I’ve been toying with look and feels for Java a little lately. It is kinda funny that Sun calls Metal the “Cross-Platform” look and feel but it only looks “at home” on Solaris with CDE. But Metal is the default on Windows as well, which means you you either need a to switch to the Windows LAF (but only on Windows, because it won’t run anywhere else — thank heaven for small favors) or package a custom LAF. The Windows LAF is OK for small apps, however is really matches the true windows system about as well as the Aqua LAF does the Mac System. And lets face it, despite a lot of flap about wanting to look like native apps, how many Windows Apps actually look native? Every-time MS released a new version of Office, the look and feel is different and not available to your standard native Windows App. The most popular Windows apps usually don’t have a truly native look and feel, they are either completely different or look like the current version of office. There is not much benefit from looking native on Windows, but you don’t want to look like CDE either.

The default Java look and feel on the mac is “Aqua” and it does a passable job of emulating native mac behavior. But there are small differences, the file and color choosers are way off, and native text boxes on the mac can spell check the Java text boxes can’t. There is a project called Quaqua that corrects a the file choosers and more (I don’t think it tackles the spell checker) but the full version is rather slow.

Speaking of the file chooser, Is there any platform where the default Swing file chooser is considered “good”. Hopefully Sun will work on that.

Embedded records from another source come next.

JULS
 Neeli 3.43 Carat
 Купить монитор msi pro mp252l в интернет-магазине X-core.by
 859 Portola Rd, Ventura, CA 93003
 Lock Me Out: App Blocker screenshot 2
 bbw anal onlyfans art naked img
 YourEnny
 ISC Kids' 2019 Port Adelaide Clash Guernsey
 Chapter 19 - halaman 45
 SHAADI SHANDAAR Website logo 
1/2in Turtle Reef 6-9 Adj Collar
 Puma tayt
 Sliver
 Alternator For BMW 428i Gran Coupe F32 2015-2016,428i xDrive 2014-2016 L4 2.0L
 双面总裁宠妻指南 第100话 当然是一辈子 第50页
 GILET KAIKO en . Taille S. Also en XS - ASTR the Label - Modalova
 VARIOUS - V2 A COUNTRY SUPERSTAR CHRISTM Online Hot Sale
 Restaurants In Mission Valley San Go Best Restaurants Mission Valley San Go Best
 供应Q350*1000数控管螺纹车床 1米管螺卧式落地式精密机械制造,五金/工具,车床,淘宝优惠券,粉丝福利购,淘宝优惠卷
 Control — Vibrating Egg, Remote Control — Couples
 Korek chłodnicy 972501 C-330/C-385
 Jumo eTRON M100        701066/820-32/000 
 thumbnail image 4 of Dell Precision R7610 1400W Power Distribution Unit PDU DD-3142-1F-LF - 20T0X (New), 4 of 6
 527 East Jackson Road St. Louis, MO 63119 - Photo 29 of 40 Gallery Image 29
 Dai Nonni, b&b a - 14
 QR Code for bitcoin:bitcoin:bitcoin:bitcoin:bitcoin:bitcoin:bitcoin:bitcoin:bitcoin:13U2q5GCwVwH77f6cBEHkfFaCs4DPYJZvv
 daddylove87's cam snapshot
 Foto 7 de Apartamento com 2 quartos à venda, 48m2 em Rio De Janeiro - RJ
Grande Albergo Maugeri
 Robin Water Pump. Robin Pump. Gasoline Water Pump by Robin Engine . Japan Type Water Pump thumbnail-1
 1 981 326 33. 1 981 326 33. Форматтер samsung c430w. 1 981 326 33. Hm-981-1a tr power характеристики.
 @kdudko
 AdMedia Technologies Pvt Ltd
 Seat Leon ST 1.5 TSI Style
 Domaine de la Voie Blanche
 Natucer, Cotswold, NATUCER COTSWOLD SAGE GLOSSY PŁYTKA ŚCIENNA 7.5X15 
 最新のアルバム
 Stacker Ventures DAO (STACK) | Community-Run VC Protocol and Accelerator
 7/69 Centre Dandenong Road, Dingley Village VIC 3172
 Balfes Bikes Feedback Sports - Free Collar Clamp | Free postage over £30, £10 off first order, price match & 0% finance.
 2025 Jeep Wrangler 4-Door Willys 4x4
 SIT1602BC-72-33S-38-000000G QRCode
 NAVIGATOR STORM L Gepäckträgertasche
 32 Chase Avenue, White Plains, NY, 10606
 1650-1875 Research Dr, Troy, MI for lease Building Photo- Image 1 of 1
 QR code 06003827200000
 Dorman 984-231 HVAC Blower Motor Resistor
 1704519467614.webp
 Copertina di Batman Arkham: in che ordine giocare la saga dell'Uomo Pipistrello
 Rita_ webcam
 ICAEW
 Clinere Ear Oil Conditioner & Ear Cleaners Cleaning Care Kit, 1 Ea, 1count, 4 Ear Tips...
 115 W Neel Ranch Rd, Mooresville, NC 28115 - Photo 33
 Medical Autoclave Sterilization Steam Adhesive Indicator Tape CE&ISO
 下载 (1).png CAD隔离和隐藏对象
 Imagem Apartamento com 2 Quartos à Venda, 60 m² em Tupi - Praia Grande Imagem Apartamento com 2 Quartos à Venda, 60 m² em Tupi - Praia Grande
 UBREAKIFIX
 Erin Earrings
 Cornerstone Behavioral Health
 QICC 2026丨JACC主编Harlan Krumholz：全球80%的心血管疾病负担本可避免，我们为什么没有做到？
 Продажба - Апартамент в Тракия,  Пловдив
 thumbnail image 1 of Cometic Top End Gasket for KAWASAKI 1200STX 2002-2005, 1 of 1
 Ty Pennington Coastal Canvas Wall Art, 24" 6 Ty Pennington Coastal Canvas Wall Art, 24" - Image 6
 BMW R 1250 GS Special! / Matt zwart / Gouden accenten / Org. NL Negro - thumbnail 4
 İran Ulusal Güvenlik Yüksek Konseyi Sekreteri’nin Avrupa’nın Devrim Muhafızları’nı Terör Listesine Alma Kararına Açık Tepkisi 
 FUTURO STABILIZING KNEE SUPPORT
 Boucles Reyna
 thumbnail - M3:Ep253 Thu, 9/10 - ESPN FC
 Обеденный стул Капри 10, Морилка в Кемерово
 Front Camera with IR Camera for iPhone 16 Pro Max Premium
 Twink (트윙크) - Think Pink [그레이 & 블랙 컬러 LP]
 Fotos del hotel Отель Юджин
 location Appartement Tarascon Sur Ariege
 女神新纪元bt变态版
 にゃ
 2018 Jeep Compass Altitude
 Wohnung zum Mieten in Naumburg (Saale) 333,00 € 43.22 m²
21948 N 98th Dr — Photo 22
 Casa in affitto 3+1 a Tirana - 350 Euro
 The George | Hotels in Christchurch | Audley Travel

One fact of Java GUI life is that swing does not obey any platform style guides. Even using one of the enhanced LAFs it requires a lot of work to actually comply with a platform style guide and a lot of “if” statements to target multiple platforms. Visual design tools are no help there. I have a framework to address a small fraction of the differences, but a lot of the time we just pick one way and stick with it. Our menus behave like Mac menus on all platforms (grey-out items instead of hiding) and we use a third-party commercial LAF that looks good on all platforms. We use full-window tabs instead of MDI (Multiple Document Interface) when we need more than one document.